A smaller version of the city's $17 million treatment plant has already proven to work during pilot testing. The process is called enhanced coagulation and microfiltration, and it doesn't take a chemist to understand how it will remove arsenic.
Raw water from city and Navy wells is piped into the facility off Harrigan Road. The pH is adjusted from 9.2 to 6.5, and iron in a chemical solution is continuously fed into the water stream, which causes a reaction and forms what are called "flocks." They bond with the arsenic, creating a bigger particle, which can then be screened out by filters.
The filters are backwashed and pressed to reclaim treated water. As water exits the plant into the distribution system, lime is added to readjust the pH level.
What's left is an arsenic sludge that the U.S. Environmental Protection Agency considers nonhazardous and acceptable for disposal at the city's landfill.
The key to treating Fallon's water, experts say, is the pH adjustment and introduction of iron. Evidence of the ability of iron to bond with arsenic and allow it to be filtered out was observed at a water treatment plant in Illinois. In 1998, according to EPA reports, efforts there to clean up municipal water of iron and manganese also removed arsenic incidentally in the process.
When the city starts treatment operations this week, it will treat about 4.5 million gallons a day, depending on seasonal usage. The facility was designed to handle new hookups for the next 20 years and can be expanded to a capacity of 9.6 million gallons a day.
Tim Runnells, an employee of consultant Shepherd Miller and the project manager for Fallon's water treatment plant, said he knows of no other treatment plant on the scale of Fallon's designed exclusively to remove arsenic.
"There aren't any that have been built that I'm aware of," he said.
Other communities facing a compliance date of January 2006 to get their municipal water systems under 10 ppb will seek technology that is sure to develop at hyperspeed. For its part, Fallon had to move quickly on a treatment process when it received a notice in 2000 of violation and administrative order to treat the water from the EPA.
The city ruled out some arsenic treatment technologies early on because they either cost too much to operate or waste water. Reverse osmosis, while easily adaptable to small scale water treatment, loses a lot of water in the process. Fallon's treatment plant will lose less than 5 percent of water that comes into the plant. That was a big consideration for a city in a desert that receives less than 6 inches of annual precipitation.

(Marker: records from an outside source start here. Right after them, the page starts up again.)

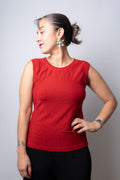 Polera tela brillante - Rojo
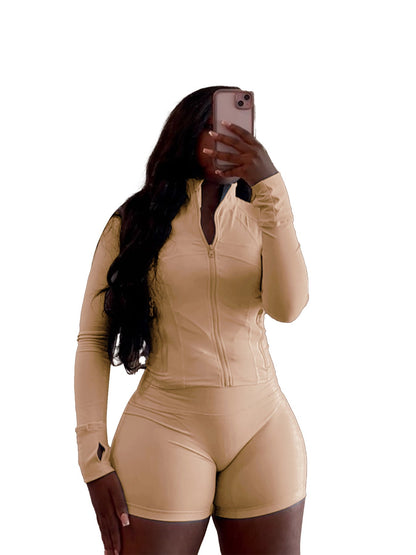 Women's Leisure Sexy Tight Long Sleeve Two-piece Suits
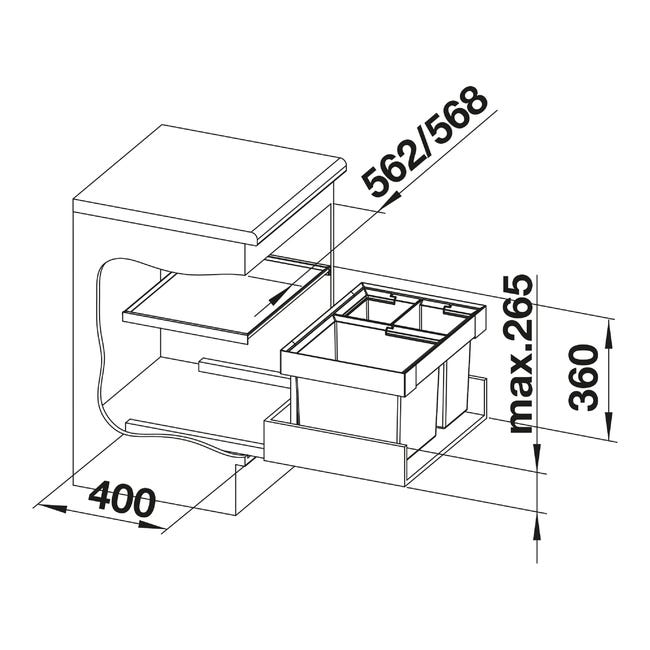 Kosz na śmieci do zabudowy Flexon II XL 60 2 x 8 + 30 l Blanco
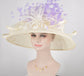 Derby Hat: Ivory Feather Flower Sinamay Church Hat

The cost for Fallon, Runnells said, will be the chemicals and materials used to draw out the arsenic, along with the manpower to operate the facility. Right now, the expenses are pegged at about $1.7 million annually, a big bill to be picked up by 2,500 connections. City leaders continue to seek funding to mitigate the cost.
"Have we seen a magic technology that's going to do it for nothing and not lose lots of water? No, we have not seen that," Runnells said.